Les enjeux de souveraineté numérique
L’externalisation de la surveillance des réseaux sociaux à des entreprises américaines pose un problème majeur de souveraineté. Le Cloud Act permet aux autorités américaines d’accéder aux données des citoyens européens, tandis que les plateformes comme YouTube et X, soumises à des pressions politiques, appliquent des politiques de modération influencées par des agendas internationaux. Cette dépendance vis-à-vis des géants technologiques américains contraste avec les discours d’Emmanuel Macron sur la « souveraineté numérique européenne », révélant une incohérence entre les ambitions affichées et les pratiques réelles.
Un article du Monde (17 juin 2025) rapporte que l’UE tente de renforcer son cadre réglementaire via le DSA, mais les États membres peinent à harmoniser leurs approches. La France, en confiant la surveillance à des entités étrangères, compromet ses propres intérêts, tandis que des pays comme l’Allemagne investissent dans des solutions nationales pour protéger leurs données.
Réactions et perspectives
Résistance et contournement
Face à la censure, des créateurs de contenu et des utilisateurs cherchent des alternatives.

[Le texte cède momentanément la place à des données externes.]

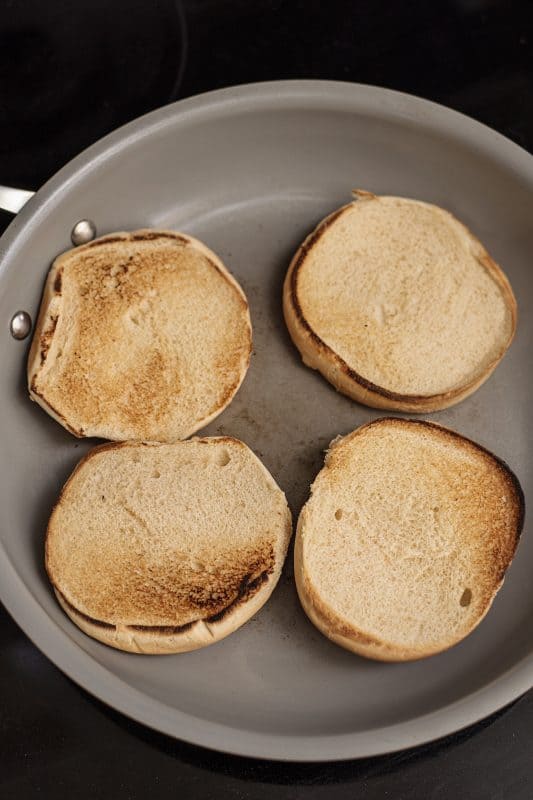toasting buns in different skillet.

Des plateformes décentralisées, comme Odysee ou Rumble (rendu inaccessible par décision gouvernementale française), gagnent en popularité, bien que leur portée reste limitée. Sur X, des appels à migrer vers des réseaux moins censurés circulent, mais la domination de YouTube et X freine ce mouvement. Par ailleurs, beaucoup d’influenceurs, bien que critiques des restrictions, restent prudents, craignant de perdre leur visibilité.
Solutions possibles
Pour préserver la liberté d’expression tout en luttant contre les abus, plusieurs pistes sont envisageables :
- Transparence des algorithmes : Obliger les plateformes à publier leurs critères de modération, comme le recommande le DSA, pour limiter les biais arbitraires.

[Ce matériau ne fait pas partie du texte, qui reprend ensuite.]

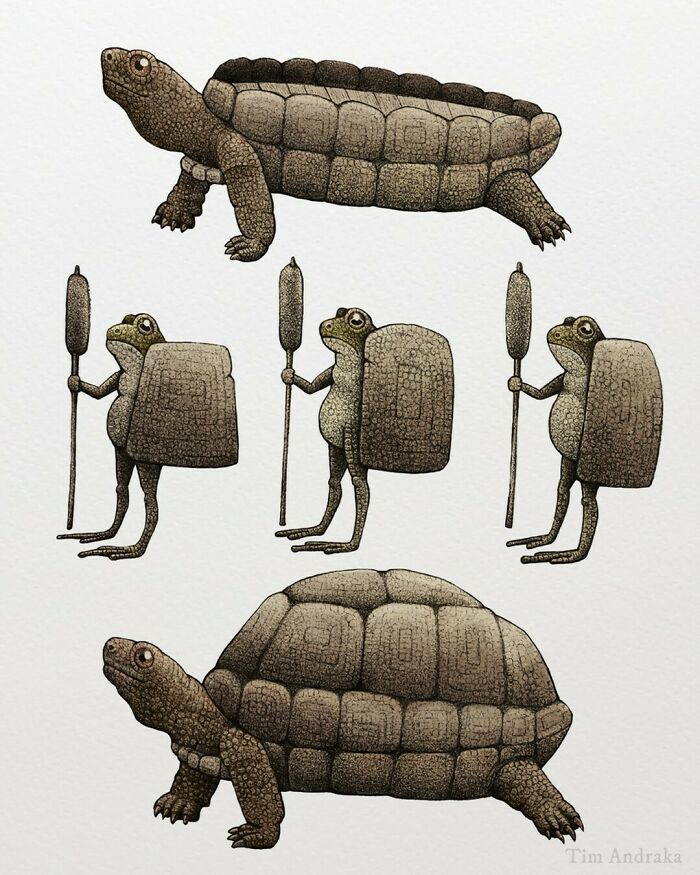 Surreal animals in scientific style, featuring turtle-like creatures with long legs and spears, humorously illustrated.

- Renforcement du contrôle judiciaire : Confier les décisions de censure à des juges, conformément aux principes de l’article 11 de la Déclaration des droits de l’homme, plutôt qu’à des algorithmes ou des modérateurs privés (contrôlés eux-mêmes par des citoyens dûment mandatés).

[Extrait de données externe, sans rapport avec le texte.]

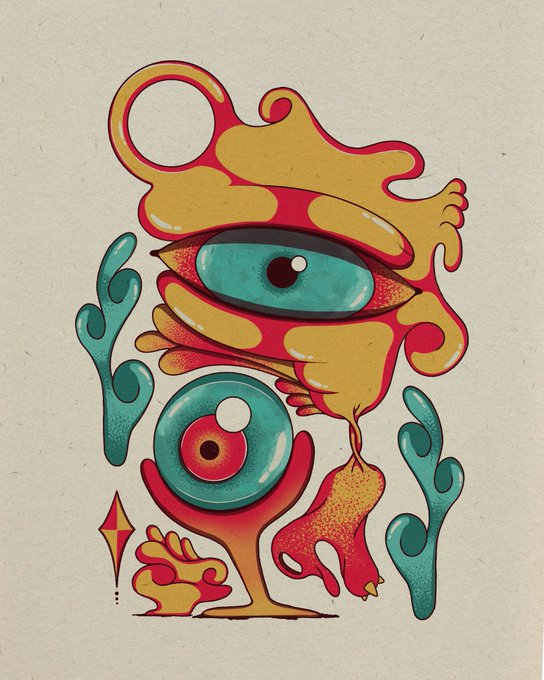 A vibrant surreal illustration featuring a large blue eye, flame-like orange and yellow shapes, and green organic tendrils on a cream background.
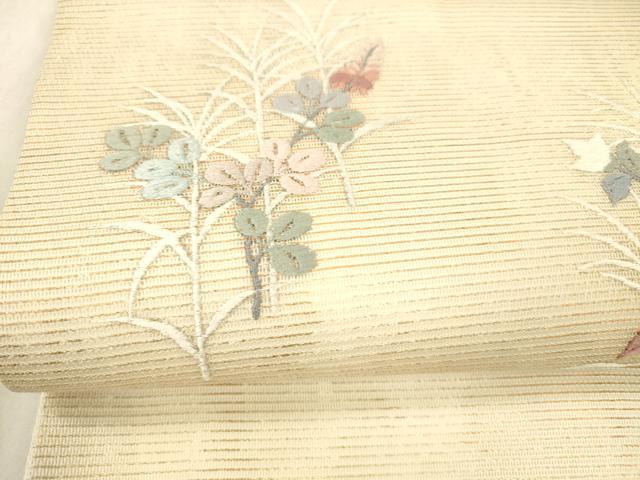 平和屋着物*夏物 銀座きしや 九寸名古屋帯 総刺繍 草花文 金銀糸 正絹 逸品 DAAX5708cm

- Souveraineté numérique : Investir dans des infrastructures nationales ou européennes pour réduire la dépendance aux géants technologiques américains, comme le propose le rapport du Sénat français sur la cybersouveraineté (mai 2025).
- Éducation aux médias : Renforcer la capacité des citoyens à évaluer l’information, réduisant ainsi la justification de la censure sous prétexte de désinformation.
L’intensification de la censure sur les réseaux sociaux, illustrée par les pratiques de « shadow-ban » sur YouTube, reflète une tension croissante entre la liberté d’expression et le contrôle de l’information. Si les plateformes invoquent la protection des utilisateurs, leurs méthodes opaques et leur collaboration avec des gouvernements soulèvent des inquiétudes sur la démocratie et la souveraineté numérique. En France, l’externalisation de la surveillance à des entreprises américaines aggrave ces enjeux, transformant les citoyens en sujets d’un système où leurs données et leurs opinions sont marchandisées et dûment choisies. Face à cette dérive, un sursaut collectif – mêlant régulation, éducation, et innovation technologique – est nécessaire pour préserver un espace public numérique libre et pluraliste.